In Italia, Ugo Foscolo scrive ‘Dei sepolcri’ nel 1806, nel momento in cui veniva estesa la normativa napoleonica dell’Editto di Saint Cloud del 1804, che disciplinava le sepolture vietando di tenere i defunti dentro le mura cittadine e creando così un recinto destinato al riposo eterno isolato dai vivi.

Il dibattito sul tema in quel periodo è vivace. Goethe, nel romanzo ‘Le affinità elettive’ del 1809, sottolinea che ciò che importa ai cittadini è contraddistinguere il luogo dove riposano i propri cari con una lapide che possa durare per generazioni. In Lombardia, Pietro e Alessandro Verri, sul periodico ‘Il Caffè’ – foglio culturale illuminista pubblicato tra il 1764 e il 1766 -, riconoscono l’importanza di onorare il defunto, seppur non giustificando con la ragione l’erezione di tali monumenti in nome di chi non potrà goderne”.

Tanti gli esempi che si potrebbero citare, tante le teorie. L’ultima, che ci racconta Pavesi, spiega perché nell’Europa meridionale abbiamo cimiteri monumentali.

“Ha ragione Antonio Gramsci nel dire che l’ispirazione dei ‘Sepolcri’ di Foscolo è diversa dalla poesia sepolcrale nordeuropea. È un’ispirazione politica, i monumenti sono motivo di esaltazione delle glorie nazionali. Da qui si trova in parte la spiegazione del perché nel Nord Europa i cimiteri sono piccoli o incolti e romantici, mentre nelle aree mediterranee diventano monumentali, espressione del culto storico dei valori e delle idealità comuni”.

Famedio ©Paolobon140 – CC BY-SA 4.0

Milano e il “Recinto Maciachini”

Il Cimitero Monumentale di Milano venne progettato dall’architetto Carlo Maciachini.

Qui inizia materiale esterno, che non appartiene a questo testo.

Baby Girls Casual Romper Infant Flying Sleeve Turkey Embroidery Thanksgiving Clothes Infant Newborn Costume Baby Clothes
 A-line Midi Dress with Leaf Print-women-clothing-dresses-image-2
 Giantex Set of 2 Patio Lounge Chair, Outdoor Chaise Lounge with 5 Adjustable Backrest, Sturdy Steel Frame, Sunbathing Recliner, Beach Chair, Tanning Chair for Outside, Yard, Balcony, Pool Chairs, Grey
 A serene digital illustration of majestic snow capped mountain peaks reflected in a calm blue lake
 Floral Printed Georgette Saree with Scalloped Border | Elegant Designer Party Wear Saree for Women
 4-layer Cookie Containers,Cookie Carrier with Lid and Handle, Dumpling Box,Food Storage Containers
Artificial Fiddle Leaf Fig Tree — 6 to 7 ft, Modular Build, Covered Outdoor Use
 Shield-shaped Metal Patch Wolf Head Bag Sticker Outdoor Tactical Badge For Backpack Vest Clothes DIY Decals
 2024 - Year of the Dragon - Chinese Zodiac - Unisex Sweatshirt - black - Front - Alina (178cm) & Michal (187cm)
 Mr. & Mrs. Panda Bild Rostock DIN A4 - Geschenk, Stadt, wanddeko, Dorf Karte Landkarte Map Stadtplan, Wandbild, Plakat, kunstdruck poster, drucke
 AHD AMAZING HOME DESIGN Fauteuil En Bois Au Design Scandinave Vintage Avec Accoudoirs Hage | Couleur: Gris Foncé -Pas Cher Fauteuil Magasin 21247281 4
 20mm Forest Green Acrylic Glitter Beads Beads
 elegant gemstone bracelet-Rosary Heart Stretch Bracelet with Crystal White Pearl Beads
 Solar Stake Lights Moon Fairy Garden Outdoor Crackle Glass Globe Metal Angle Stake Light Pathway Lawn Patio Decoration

“La città ha voluto ricordare l’architetto Maciachini dedicandogli il piazzale che ancora oggi costituisce uno dei nodi del traffico milanese, che qui si incontra per via dei numerosi pendolari provenienti dal Nord e diretti in centro”.

Proprio da lì proveniva Carlo Francesco Maciachini, che era nato nel 1818 a Induno Olona, in provincia di Varese, da una famiglia contadina.

“Forse inconsapevolmente, progettò uno dei luoghi che divennero il simbolo della ‘Milano che conta’: possedere un mausoleo di famiglia al Monumentale, insieme a un palco alla Scala e a un tavolo riservato al ristorante Savini nella sfarzosa Galleria Vittorio Emanuele di fine Ottocento, erano i requisiti per appartenere all’alta società”.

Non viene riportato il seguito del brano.